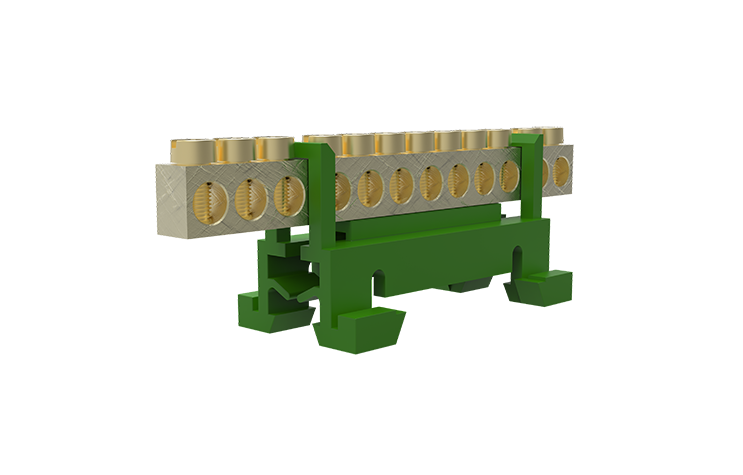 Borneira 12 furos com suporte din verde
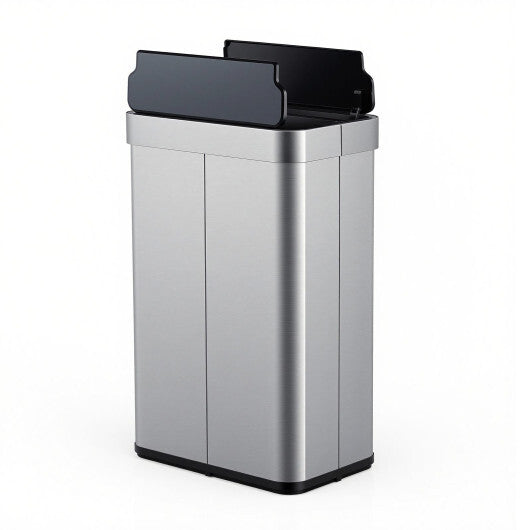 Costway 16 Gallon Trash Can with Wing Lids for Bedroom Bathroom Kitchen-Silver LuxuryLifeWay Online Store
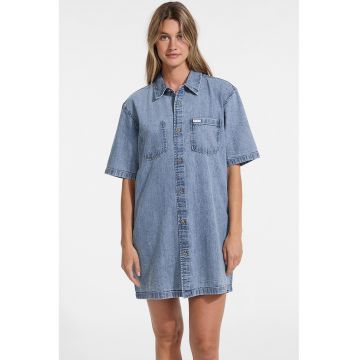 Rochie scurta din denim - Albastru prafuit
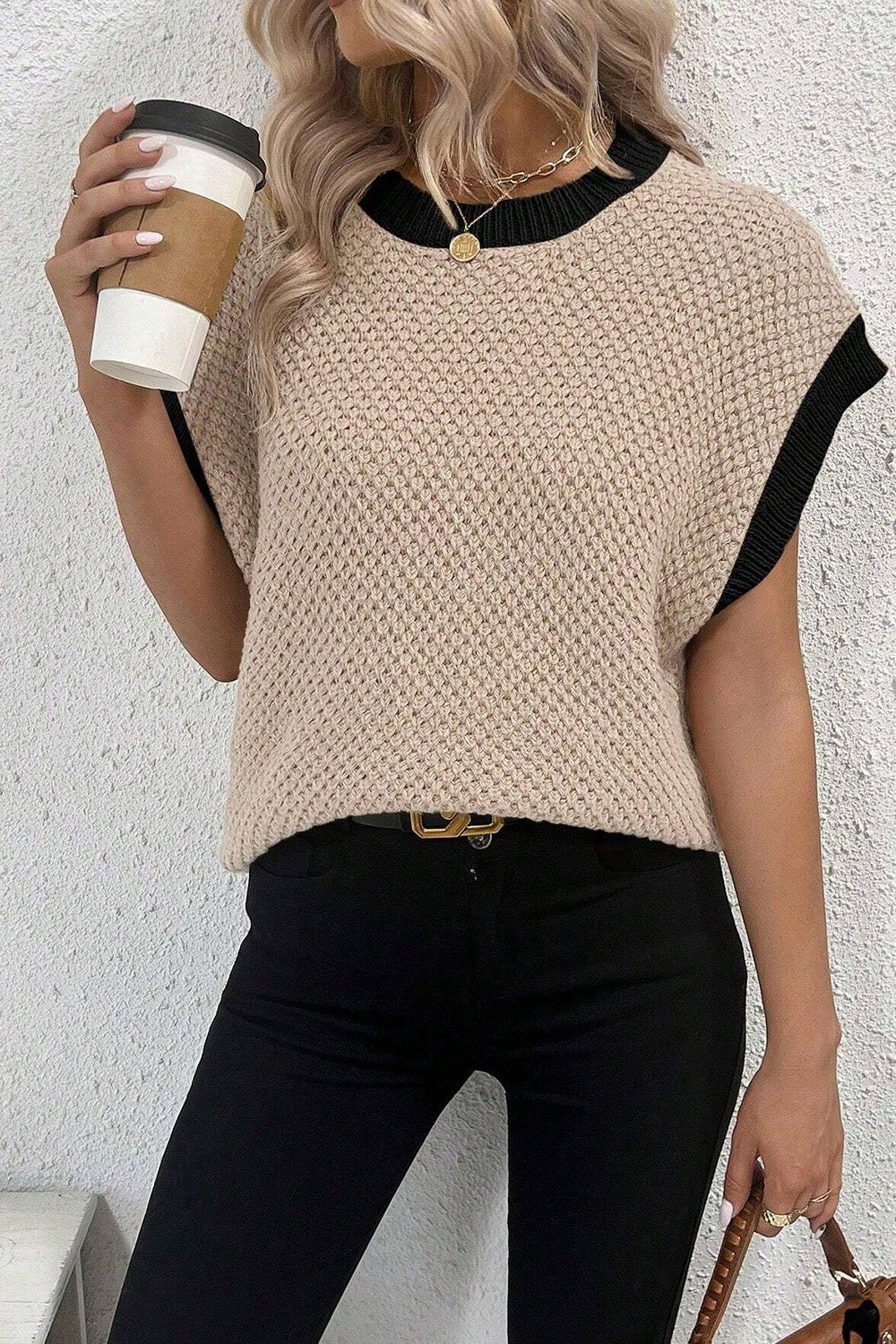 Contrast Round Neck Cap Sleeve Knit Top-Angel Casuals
☆ ☆ ☆ ☆ ☆
▸ **Task requirements**
The copy must begin at the line containing "Costway 16 Gallon" and end at the last line of the data above, with every line retyped exactly and no pictures included.

▸ **Your solution**
 Costway 16 Gallon Trash Can with Wing Lids for Bedroom Bathroom Kitchen-Silver LuxuryLifeWay Online Store
 Rochie scurta din denim - Albastru prafuit
 Contrast Round Neck Cap Sleeve Knit Top-Angel Casuals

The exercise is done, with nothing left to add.